CIS 565 Project 5: Shadertoy Ray Marcher

Primary LanguageGLSL

[CIS565 2015F] Ray Marcher in Shadertoy

GLSL Ray Marching

University of Pennsylvania, CIS 565: GPU Programming and Architecture, Project 5

  • Levi Cai
  • Tested on: (TODO) Google Chrome on
  • Windows 8, i7-5500U @ 2.4GHz, 12GB, NVidia GeForce 940M 2GB

Live on Shadertoy

Acknowledgements

This Shadertoy uses material from the following resources:

Features

  • Naive Ray Marching
  • Sphere Tracing
  • 7 SDFs: Plane, sphere, ellipsoid, torus, torus88, box, cylinder
  • Arbitrary transformations of objects
  • Debug views for number of ray march iterations and distances to surfaces
  • Simple lambert lighting scheme
  • Height Maps
  • Over-relaxation for sphere tracing optimization
  • Soft shadowing (both heavily influenced by IQ's shadertoy example...)
  • Ambient Occlusion
  • Naive coloring (lots of branch divergence!)

Features and Analysis

Height Mapping

Height mapping is created by taking in a texture image and using it as a height map (the color intensities are used as scaled heights). These are then computing by using a naive ray marching method and comparing to the height of the map at each step, then taking the color at that location and using it as the map's color at that point.

Naive Marching vs. Sphere Tracing

Black is 0, white is max number of steps.

Naive:

Runs at 20FPS. Goes faster when objects are closer because they terminate much faster. Same with increasing stepsize and resoluton. However, regardless, sphere tracing removes this necessity all together.

Sphere:

Runs at 60FPS. Here we can see some of the downsides of sphere tracing around the edges of objects. Objects themselves are much faster to compute, but around the edges, because sphere tracing computes distances to nearest object (not necessarily in its path), it will take much smaller step sizes near edges of objects, hence why the edges are very white and look like they distort the background around them.

Over-Relaxation Optimization for Sphere Tracing

Black is 0, white is max number of steps.

Normal sphere:

Over-relaxed sphere:

It is clear from the images that the over relaxed method takes less steps in most fragements when compared with the normal sphere stepping. However, due to my implementation, it seems that in certain scenarios it is actually slower when there are many objects nearby the camera frame. I believe this might be because of the additional distance computation I do.

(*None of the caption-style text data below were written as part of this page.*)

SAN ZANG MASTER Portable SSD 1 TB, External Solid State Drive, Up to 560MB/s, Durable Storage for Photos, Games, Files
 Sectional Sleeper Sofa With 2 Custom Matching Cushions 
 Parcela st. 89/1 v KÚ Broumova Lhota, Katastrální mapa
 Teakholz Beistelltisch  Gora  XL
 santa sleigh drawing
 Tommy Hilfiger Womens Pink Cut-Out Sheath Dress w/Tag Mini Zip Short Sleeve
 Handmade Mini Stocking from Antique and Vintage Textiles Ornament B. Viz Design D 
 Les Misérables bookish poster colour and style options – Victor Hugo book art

It might make sense to somehow only do 1 distance computation per iteration and re-use the previous computation (I do 2 per iteration) which might be the cause of this.

Soft shadows vs. Ambient Occlusion vs. Normal

The performance hit for each depends on the number of iterations added in order to compute at each fragment, both are set to 10-15 iterations, hence similar performance hits.

Branch Divergence

The largest branch divergence hit is my super naive implementation of color, in the getColor function, which does 4-condition branch to determine what color to use given a material. A faster way to implement this is just to apply the color directly directly in the map function, but I think this illustrates the issue with branches quickly, and was quick to implement. Adding this feature drops my runtime from 60FPS to 45FPS.

Other branch divergences occur in all of the sphere/ray marching methods when fragments are finished computing while others are not. The closer the ratio is to half and half, the worse the performance I believe.